The system is built around the measurement, not around the chat. The architecture has two LLMs in separate contexts:

Persona LLM ("Jamie"). Simulates a college sophomore navigating a major-switching decision. Jamie has a backstory, an emotional state machine (confused, uncertain, thoughtful, confident), and cognitive constraints encoded in the system prompt. Jamie refuses to advance through the Decision Chain stages until the current dimension has been adequately covered. The refusal is the pedagogy.
Evaluation LLM. Scores each user turn against the DQ rubric in a separate context, returning per-dimension scores and rationale.
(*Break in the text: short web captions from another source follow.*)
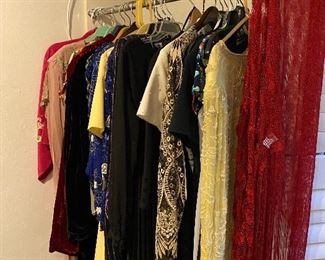 Closet full of women’s clothing mostly size medium and large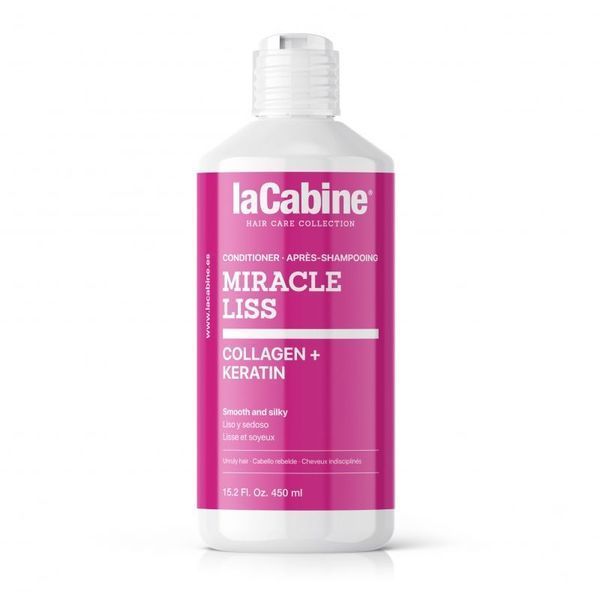 LaCabine Miracle Liss Кондиціонер з колагеном та кератином для неслухняного волосся 600063 фото LaCabine Miracle Liss Кондиціонер з колагеном та кератином для неслухняного волосся 600063 фото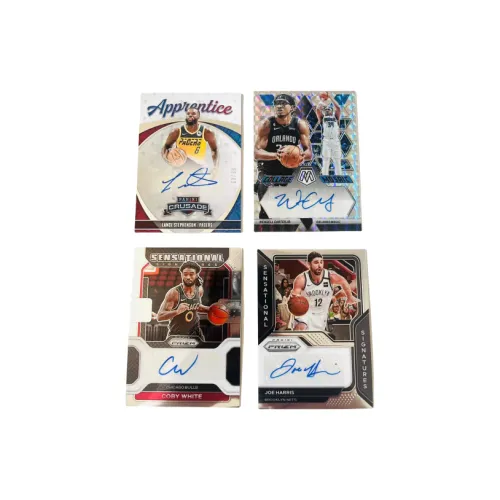 PANINI Stephenson Carter Белый Harris Signature 4 Штуки Комбинация Игрок Карта Карта Access пройдет Спортивные карты 4 шт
Five personas were shipped; one (Jamie) was used in the pilot. The system enforces a 10-turn session limit, which transforms coaching from open-ended conversation into purposeful practice.
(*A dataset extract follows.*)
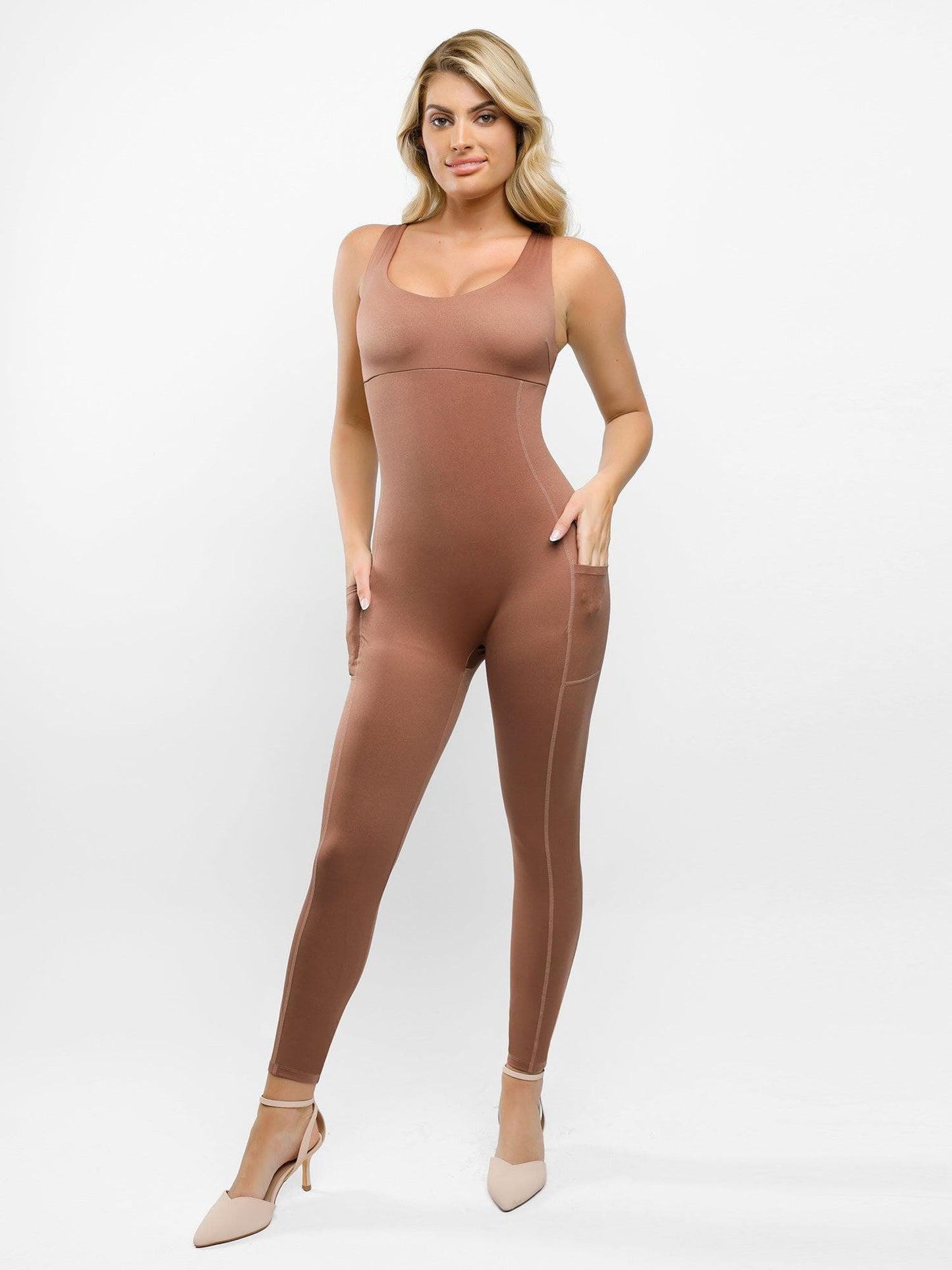 The Shapewear Jumpsuits One Piece Thigh Slimming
Stack. React frontend; Node/Express backend; Supabase Postgres with row-level security for participant data isolation; OpenAI GPT-4o for both agents; Python (pandas) for analysis. The data pipeline is IRB-compliant, with research-code pseudonymization and no PII in research exports.

There is also a prototype AI-to-AI feedback loop, RLAIF-style: an evaluator critiques the persona's coaching and proposes prompt refinements, with a human validation gate to prevent drift. This was not used in the pilot results below.

What the pilot showed

IRB-approved pilot. 52 participants, 75 sessions, 68 with full turn-level scoring. College students, mixed undergrad and grad. Mean engagement: 11 turns per session.

Mean DQ Overall went from 0.145 at first turn to 0.366 at last turn. That's a within-session improvement of +0.220 (+151% relative). 91% of sessions (62 of 68) showed improvement; 4% declined; 4% were unchanged.

Important caveat: this is within-session improvement, not a between-condition causal effect. The falsifiable test (not-knowing persona vs. all-knowing persona) is in the planned full study (target n ≈ 200, between-subjects, with a 2 to 4 week longitudinal follow-up for skill transfer).

The honest research note.

I started with a hypothesis that Commitment would be the weakest dimension at session-end. Per-dimension finals showed something different:

Alternatives

0.310

weakest

Frame

0.334

Reasoning

0.356

Information

0.357

Commitment

0.381

Values

0.384

strongest

Binary thinking is the ceiling. Emotional and value exploration is natural. That's quantitative evaluation overturning a design assumption, which is exactly what a properly designed measurement instrument should do.

Why this matters

The defensible contribution isn't the chat UI. It's the rubric plus LLM judge as a measurement instrument that scales beyond what human coding can support. The same instrument is, in principle, portable: it can evaluate human decision coaches, compare coaching approaches, or train practitioners. It operationalizes "good judgment" into observable, scoreable behaviors.

The system-level claim is more pointed: a coaching LLM that refuses to answer can produce measurable within-session learning. That doesn't yet establish that the not-knowing persona is causally responsible (the planned between-subjects study is what tests that). But it does demonstrate that a measurement instrument designed to detect process improvement can detect it.

What's next

Run the full study (n ≈ 200, between-subjects: not-knowing vs. all-knowing persona, with mediation by user agency and moderation by educational level). This is the falsifiable test.
Longitudinal follow-up at 2 to 4 weeks to test whether coaching skills transfer to participants' own decisions.
Comprehensive inter-rater reliability against multiple human annotators to validate the LLM judge beyond the preliminary r = 0.71.
Roll out the four additional personas (international students with visa constraints, returning adult students balancing education and family, students facing financial pressure, and others) to test cross-scenario skill transfer.